Gógol e a política

Terminei a leitura da obra Almas mortas, de Nicolai Vassilievitch Gógol. Foi uma leitura demorada não só pela extensão da narrativa, mas também pelo corpo diminuto de letra que entrou em conflito com minha diminuição ótica. Foi-me emprestada a obra por um colega e amigo, o Prof. Flávio Porto, que tem uma biblioteca invejável. Livros e filmes são a sua paixão e, com ele, aprendo muito. Nada melhor que ter amigos com elevado nível cultural, e Flávio é um deles..

Para quem não conhece a obra, publicada na Rússia em 1842, se surpreende com a afinidade ali revelada entre o funcionalismo público na época de Pedro, o Grande, e o nosso, que de grande mesmo só tem a extensão territorial e a corrupção. E qual seria a similaridade, entre eles? A corrupção, é claro. A corrupção na Rússia é famosa e muito antiga. Aliás, isso não é novidade em países onde o autoritarismo ou o populismo vicejam.

As imagens que o texto de Gógol nos mostra surgem com o personagem o Conselheiro Civil Tchítchicov - homem bonito, bem falante e ganancioso - que viaja por várias cidades, buscando encontrar nas aldeias fazendeiros que a ele estivessem dispostos a vender as "almas mortas", isto é, camponeses que embora mortos constavam do recenseamento, que era anual, e por eles eram obrigados a pagar um imposto todo mês, estabelecido abusivamente pelo governo. A proposta de Tchitchicov se mostrava, a princípio, estranha, mas depois, com a sua eloquência e poder persuasivo, parecia até interessante aos fazendeiros porque  possibilitava a eles burlar o imposto.  Assim, nas duas pontas da negociação, o que vigorava era a malandragem, com origem em um imposto surreal.

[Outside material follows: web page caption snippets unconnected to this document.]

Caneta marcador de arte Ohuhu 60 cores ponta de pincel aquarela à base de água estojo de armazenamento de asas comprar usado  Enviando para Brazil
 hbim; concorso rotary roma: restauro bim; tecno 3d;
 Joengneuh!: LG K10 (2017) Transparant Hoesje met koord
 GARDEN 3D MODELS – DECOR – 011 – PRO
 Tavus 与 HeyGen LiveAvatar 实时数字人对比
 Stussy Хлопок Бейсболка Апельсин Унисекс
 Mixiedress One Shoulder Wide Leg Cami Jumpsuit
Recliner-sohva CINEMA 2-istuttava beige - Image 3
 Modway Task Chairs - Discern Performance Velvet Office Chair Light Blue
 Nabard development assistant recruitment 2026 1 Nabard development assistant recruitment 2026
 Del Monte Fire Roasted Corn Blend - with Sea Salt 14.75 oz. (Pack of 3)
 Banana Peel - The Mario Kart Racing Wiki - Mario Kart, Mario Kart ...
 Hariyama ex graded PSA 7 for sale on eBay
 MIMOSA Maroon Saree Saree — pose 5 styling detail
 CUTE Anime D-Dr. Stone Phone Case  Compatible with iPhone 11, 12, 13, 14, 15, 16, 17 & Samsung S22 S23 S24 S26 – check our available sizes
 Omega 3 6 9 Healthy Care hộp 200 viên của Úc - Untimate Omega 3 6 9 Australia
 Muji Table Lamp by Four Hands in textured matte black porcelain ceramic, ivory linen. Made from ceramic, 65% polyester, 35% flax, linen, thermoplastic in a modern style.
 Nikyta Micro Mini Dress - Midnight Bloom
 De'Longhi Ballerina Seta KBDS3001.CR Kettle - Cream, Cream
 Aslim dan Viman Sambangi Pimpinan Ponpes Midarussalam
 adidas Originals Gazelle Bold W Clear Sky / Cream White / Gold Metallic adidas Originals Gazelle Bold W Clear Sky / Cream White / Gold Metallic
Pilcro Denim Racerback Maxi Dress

É impossível ler Gógol sem preencher todas as lacunas de nossa mente com figuras nacionais, em especial dos últimos tempos, na relação promíscua entre políticos e empreiteiras, mas não só, e que praticam todo tipo de ilegalidade na busca de uma vida de luxo e riqueza, de forma rápida, e sem escrúpulos quanto às consequências de seus atos, certos de que a moral e a ética de muitos juristas também tem preço.